Yesterday, opposition reformists asked for a vote recount in Iran’s parliamentary elections, which took place Friday. Earlier in the week they had challenged the fairness of the vote.

Despite enjoying relatively strong support in Tehran, the reformists failed to win any of the 30 seats there. Allies of President Mahmoud Ahmadinejad, on the other hand, won 19 of the contests in the capital. Reformists have a chance to pick up seats in Tehran in runoff elections to be conducted either next month or in May. In the meantime, they called on the Interior Ministry to release vote counts from each of the polling sites in the capital. The Guardian Council, Iran’s constitutional watchdog, said that a full recount was not possible, but it promised a “random” recounting of ballot boxes. The government maintains that the election was fair.

Umm, no. Reformists were crippled before a single ballot was cast. The Guardian Council disqualified about 1,700 reformist candidates, with the result that reformists could contest only half the 290 seats at stake. Even so, Ahmadinejad seems to have lost support: the election was widely seen as a referendum on his policies.

In one sense, the president’s setback does not matter: he retains the confidence of the cleric who sits atop the theocracy, Supreme Leader Ayatollah Ali Khamenei. Yet Ahmadinejad will now face a stronger opposition in parliament. Rigged political systems, like Iran’s, run on signals, and the signals from this election show that Ahmadinejad has lost popularity during his tenure, which could undermine his chances should he run for re-election next year.

Fortunately for the fiery president, many Iranians have simply tuned out of politics. Turnout in Tehran, for instance, appears to have been half the national rate of 60 percent announced by the Interior Ministry. And even in the conservative outlying areas there is fundamental discontent: polling shows that about 90 percent of Iranians want the right to choose—and remove—the supreme leader. That will never happen as long as the theocracy exists, however. The ayatollahs maintain their limited political system so that they can gauge shifts in public mood and react accordingly. So far, despite widespread popular dissatisfaction, the system has worked to keep the clerics in power.

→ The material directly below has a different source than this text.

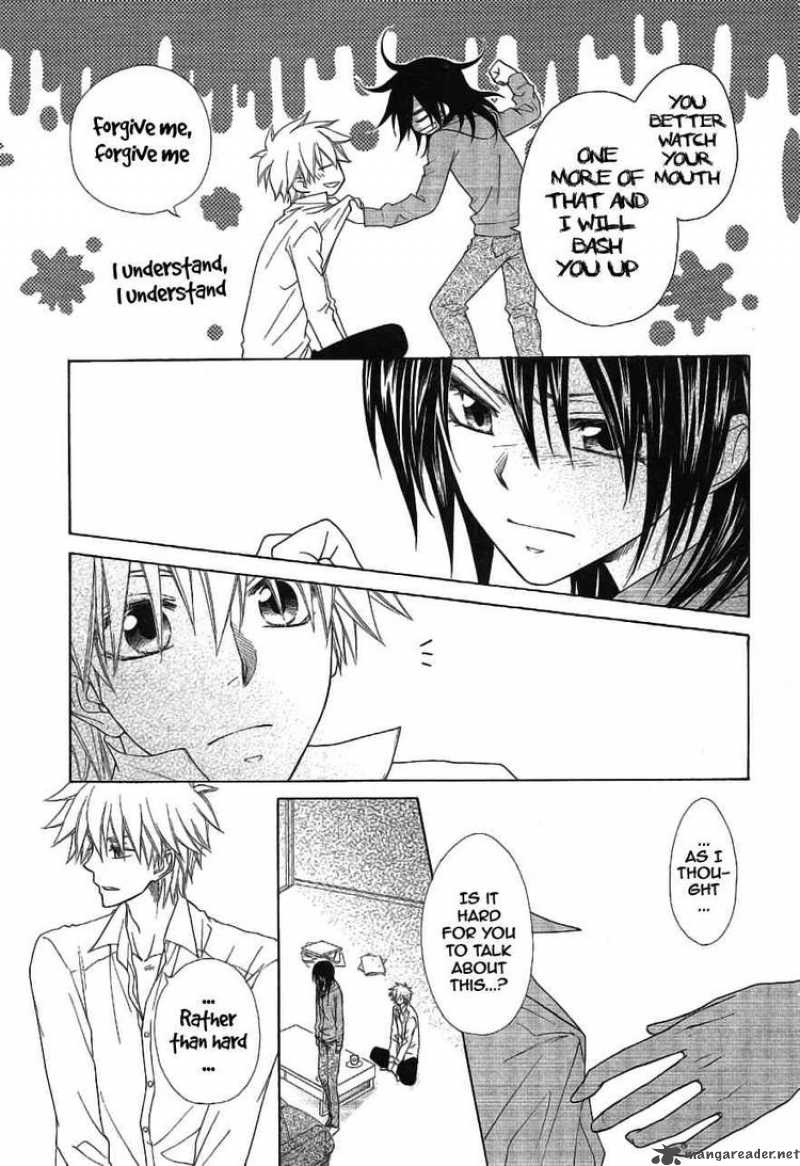 Kaichou Wa Maid Sama 46 4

Fortunately for us, limited systems like Iran’s do not stand the test of time. People either take elections seriously and push for real power or they ignore government institutions and force change from the streets. Iranians placed faith in reformers and were disappointed during the presidency of Mohammad Khatami, Ahmadinejad’s predecessor. The real test for the ayatollahs will be the protests that will inevitably come.